• [Description of the task]
Retype all the entries word for word, but omit the pictures.
START Given records
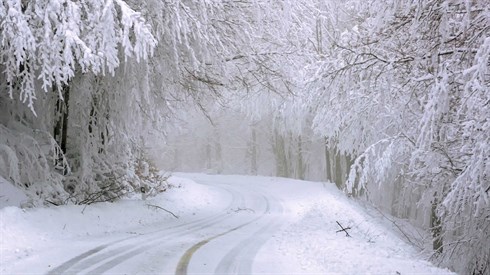 road-gd344a8433_1920.jpg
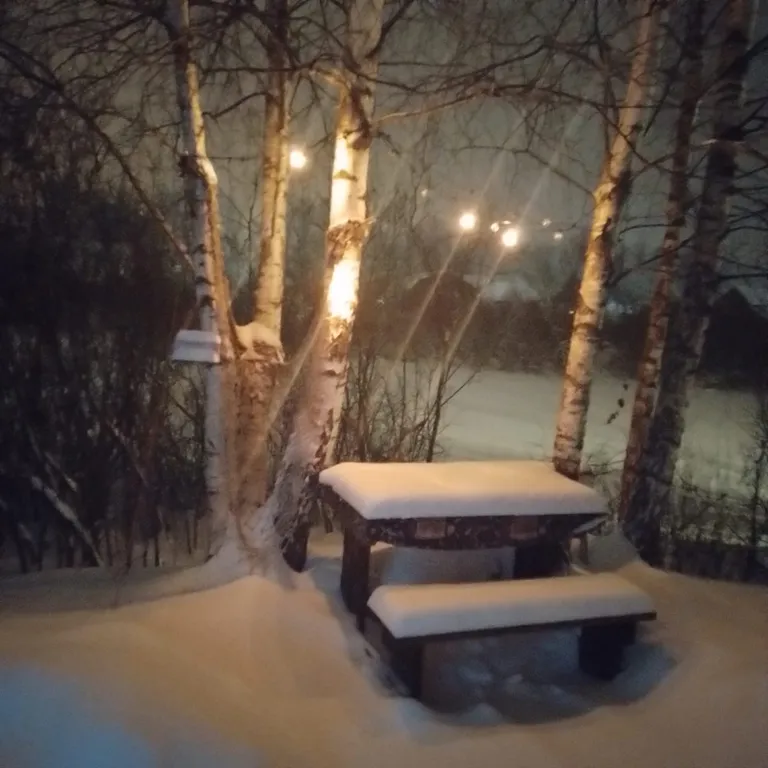 Чудо-дача, дом Капитан на берегу пруда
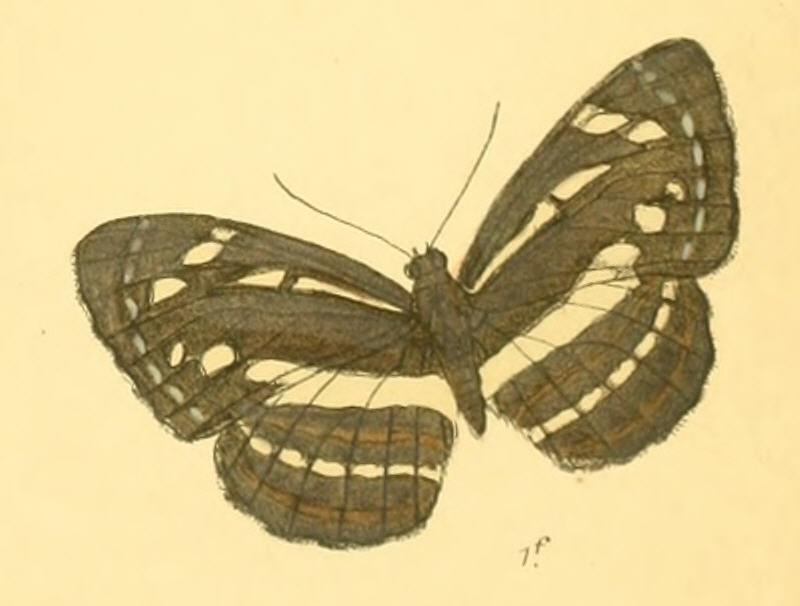 NeptisAdipala285 1f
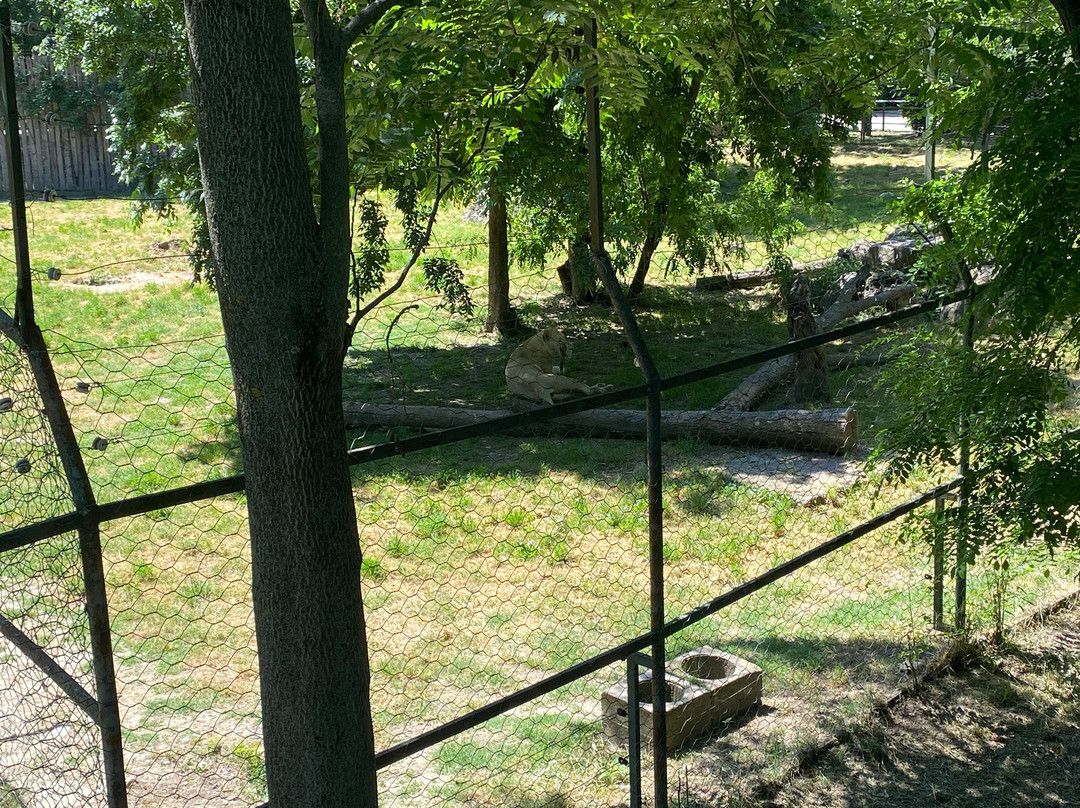 Skopje ZOO-斯科普里必去景点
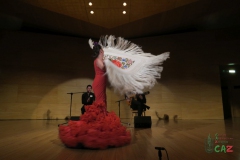 2020-01-31-Flamenco-auditorio-064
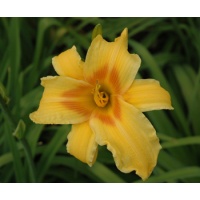 daylilies: NASHVILLE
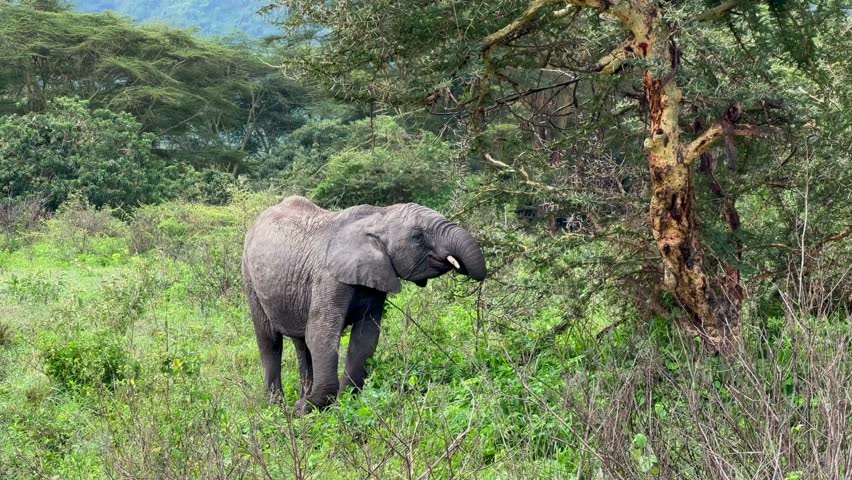 African bush elephant (Loxodonta africana) trying to find something to eat in Ngorongoro Crater. Tanzania.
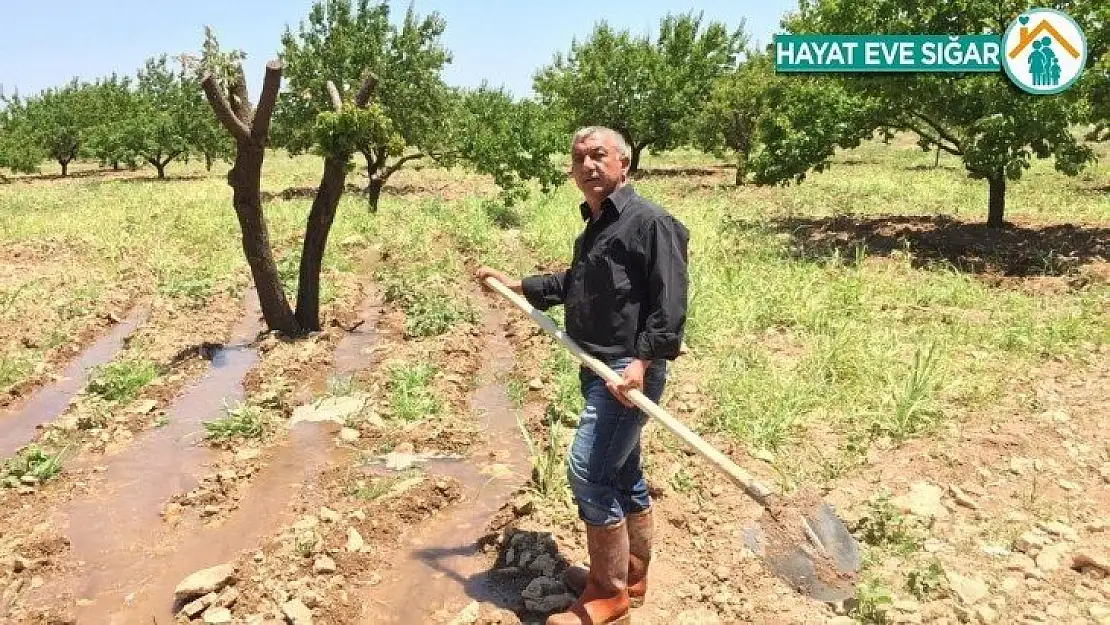 Malatya'da kayısı rekolte tartışmaları devam ediyor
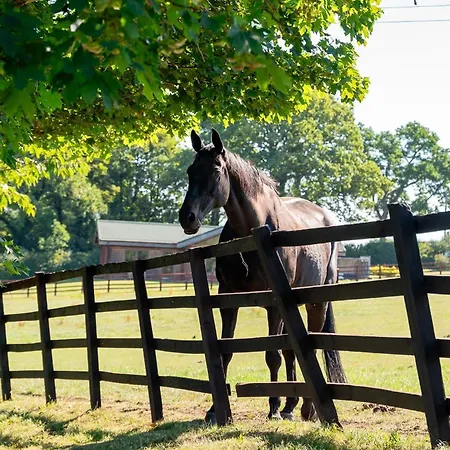 펜션 Melody Constable Burton
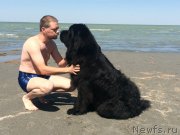 Превью фото № 187775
END Given records
• [Solution for this exercise]
 road-gd344a8433_1920.jpg
 Чудо-дача, дом Капитан на берегу пруда
 NeptisAdipala285 1f
 Skopje ZOO-斯科普里必去景点
 2020-01-31-Flamenco-auditorio-064
 daylilies: NASHVILLE
 African bush elephant (Loxodonta africana) trying to find something to eat in Ngorongoro Crater. Tanzania.
 Malatya'da kayısı rekolte tartışmaları devam ediyor
 펜션 Melody Constable Burton
 Превью фото № 187775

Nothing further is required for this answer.